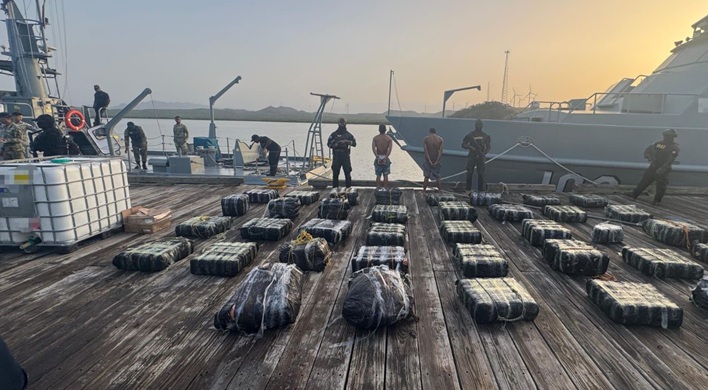 Autoridades decomisan 1,743 paquetes de presuntas drogas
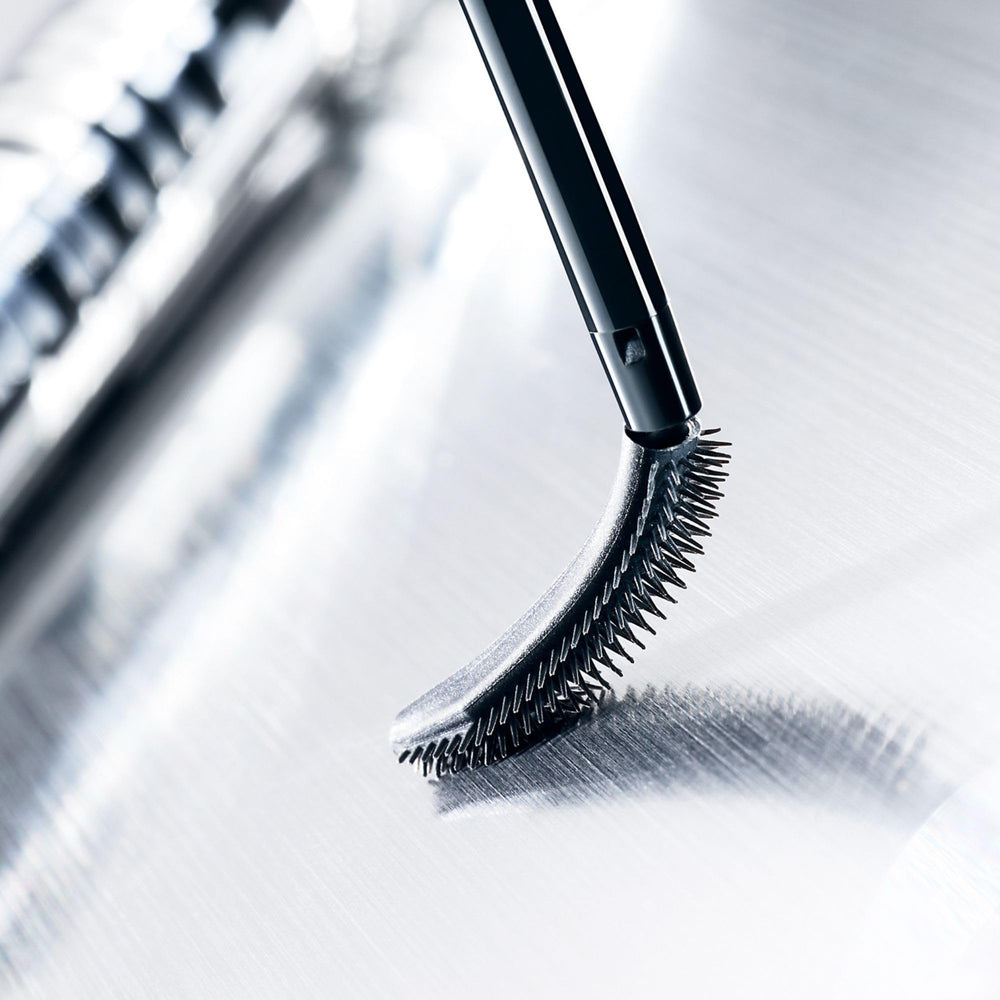 Heroine Make Lash Hype: acabado elegante para realzar la mirada.
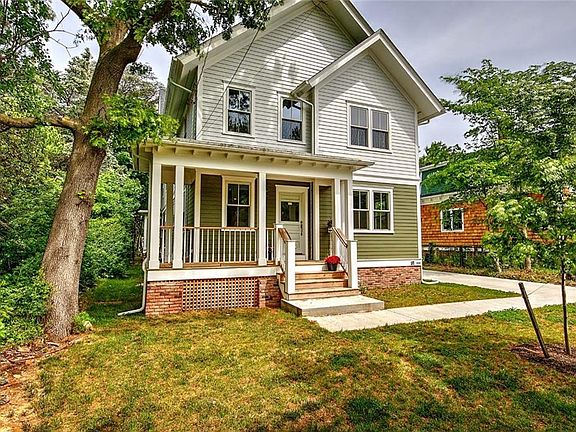 2nd image of 183 Congress Ave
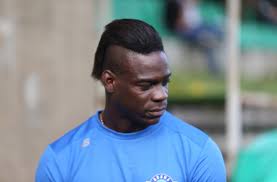 Последние твиты от mario balotelli (@finallymario). Mario Balotelli Is Swarmed By Hundreds Of Fans After Landing In Turkey Following Adana Demirspor Transfer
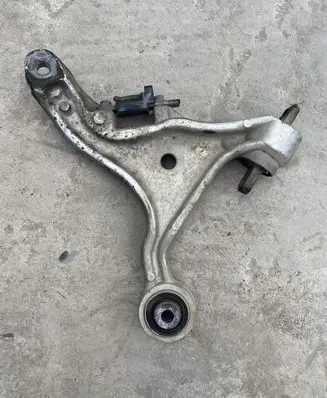 Volvo V70 Front control arm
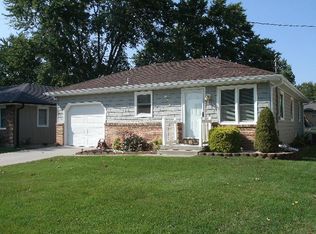 659 W Charles St, Marshall, MO 65340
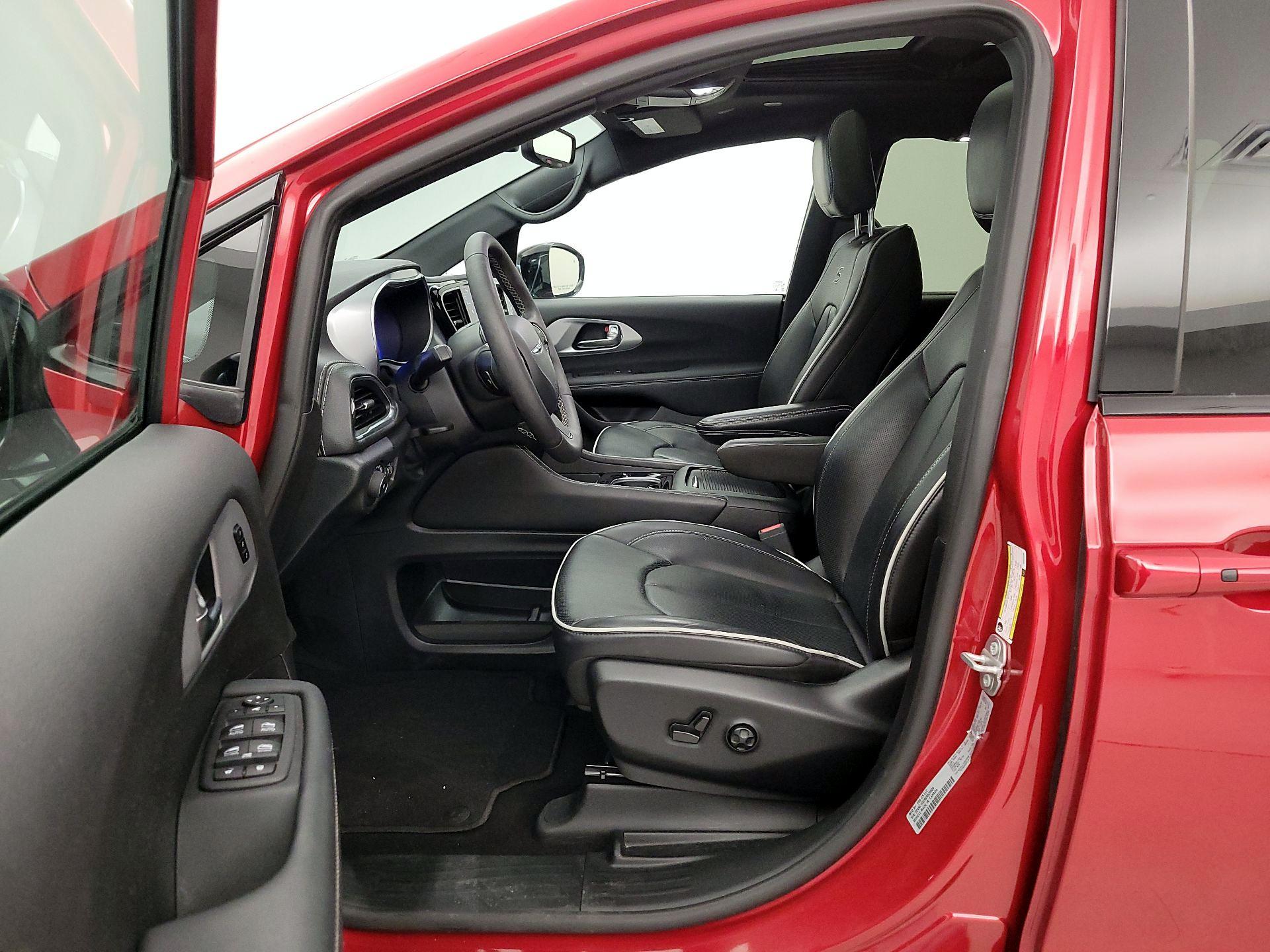 Thumbnail: 2025 Chrysler Pacifica - 11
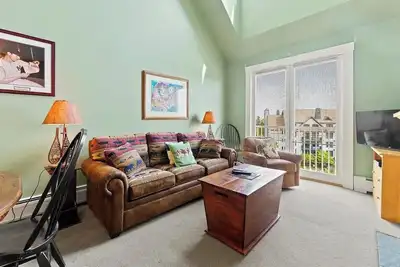 Image de Steps to Stratton Village, Lifts! Duplex Condo!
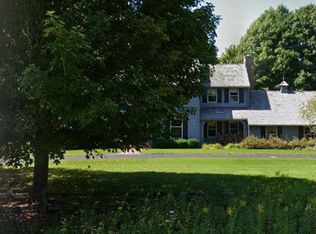 11747 N Lake Shore Dr, Mequon, WI 53092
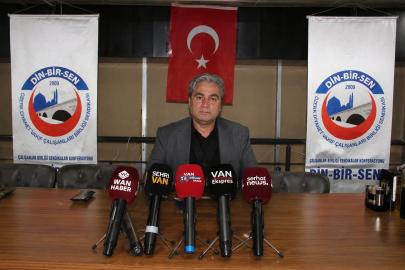 Din-Bir-Sen Van Şubesinden Çağrı! Camilere Sahip Çıkalım Gençlere ve Çocuklara Camileri Sevdirelim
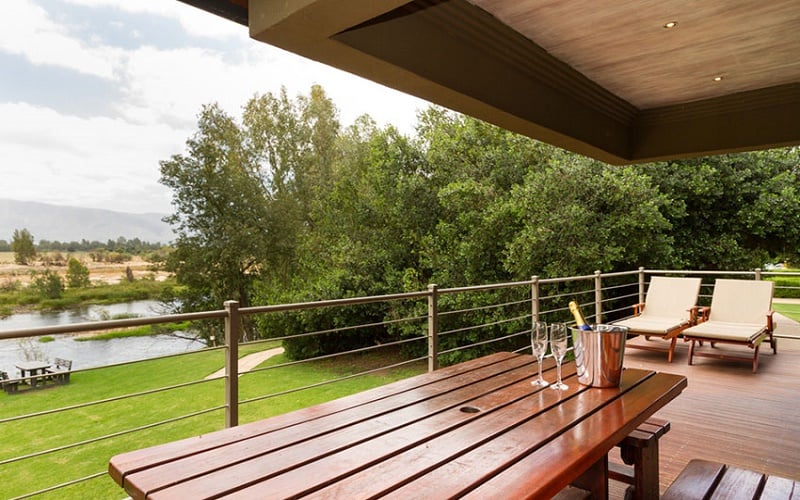 Stonehill River Lodge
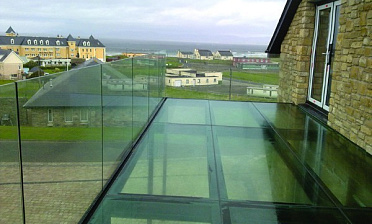 Стеклянные полы на балконе купить в Новосибирске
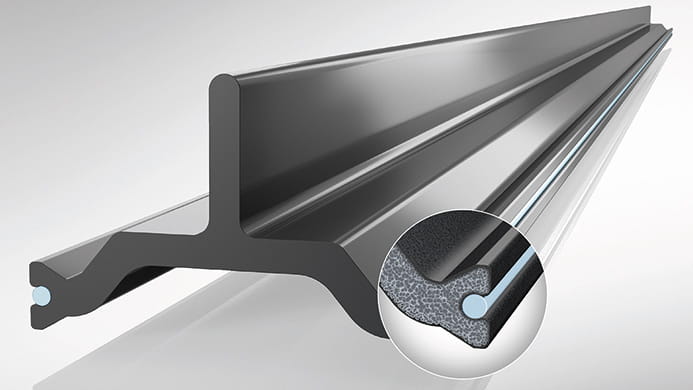 Detailansicht des Wärmedämmprofils insulbar LI aus geschäumtem, glasfaserverstärktem Polyamid zur thermischen Trennung im Metallrahmen von Fenstern, Türen und Fassaden.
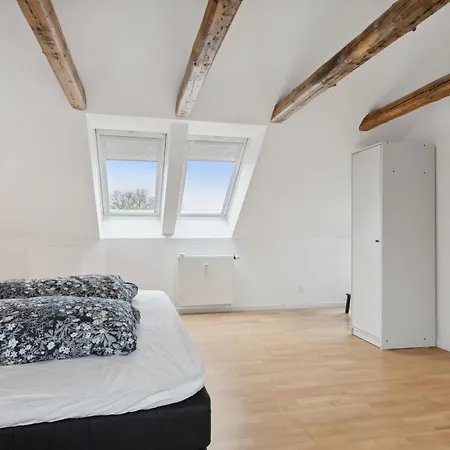 2br Naer Centrum & Togstation Aalborg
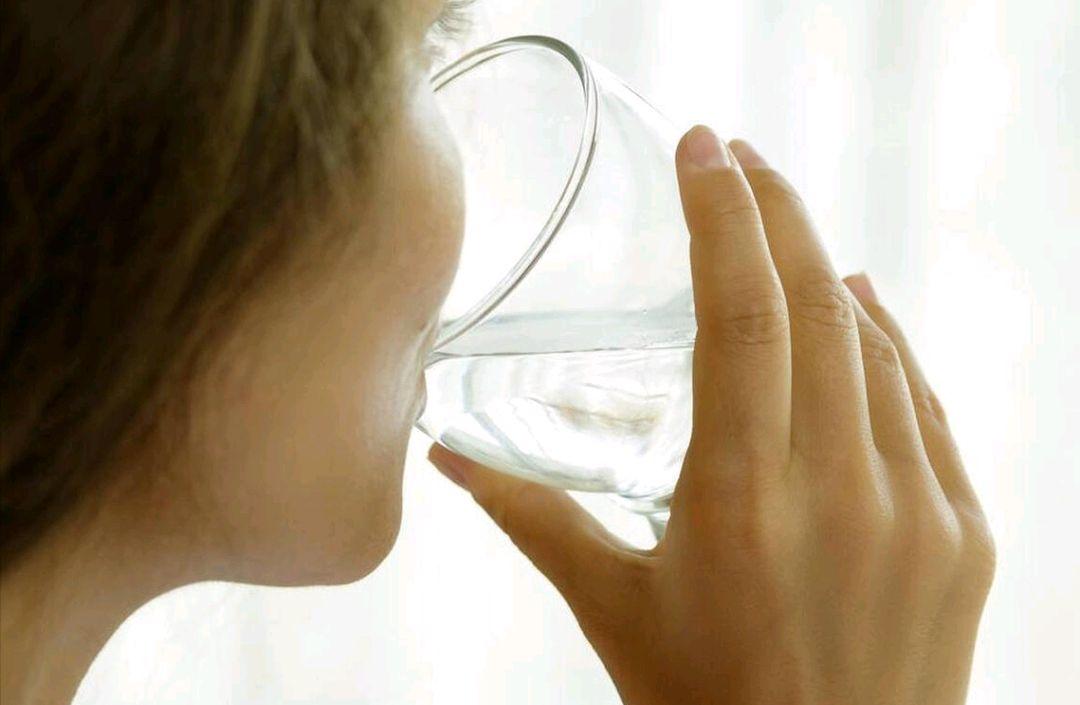 早上不要伤阳，晨间4个习惯要改正，养阳可从2个方面入手早晨是一天当中阳气生发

> Exercise instructions:
The result should be an exact copy of only the lines above from the one that holds "Последние твиты от" through the one that holds "Detailansicht des Wärmedämmprofils", both ends included, without pictures.

> Solution for this problem:
 Последние твиты от mario balotelli (@finallymario). Mario Balotelli Is Swarmed By Hundreds Of Fans After Landing In Turkey Following Adana Demirspor Transfer
 Volvo V70 Front control arm
 659 W Charles St, Marshall, MO 65340
 Thumbnail: 2025 Chrysler Pacifica - 11
 Image de Steps to Stratton Village, Lifts! Duplex Condo!
 11747 N Lake Shore Dr, Mequon, WI 53092
 Din-Bir-Sen Van Şubesinden Çağrı! Camilere Sahip Çıkalım Gençlere ve Çocuklara Camileri Sevdirelim
 Stonehill River Lodge
 Стеклянные полы на балконе купить в Новосибирске
 Detailansicht des Wärmedämmprofils insulbar LI aus geschäumtem, glasfaserverstärktem Polyamid zur thermischen Trennung im Metallrahmen von Fenstern, Türen und Fassaden.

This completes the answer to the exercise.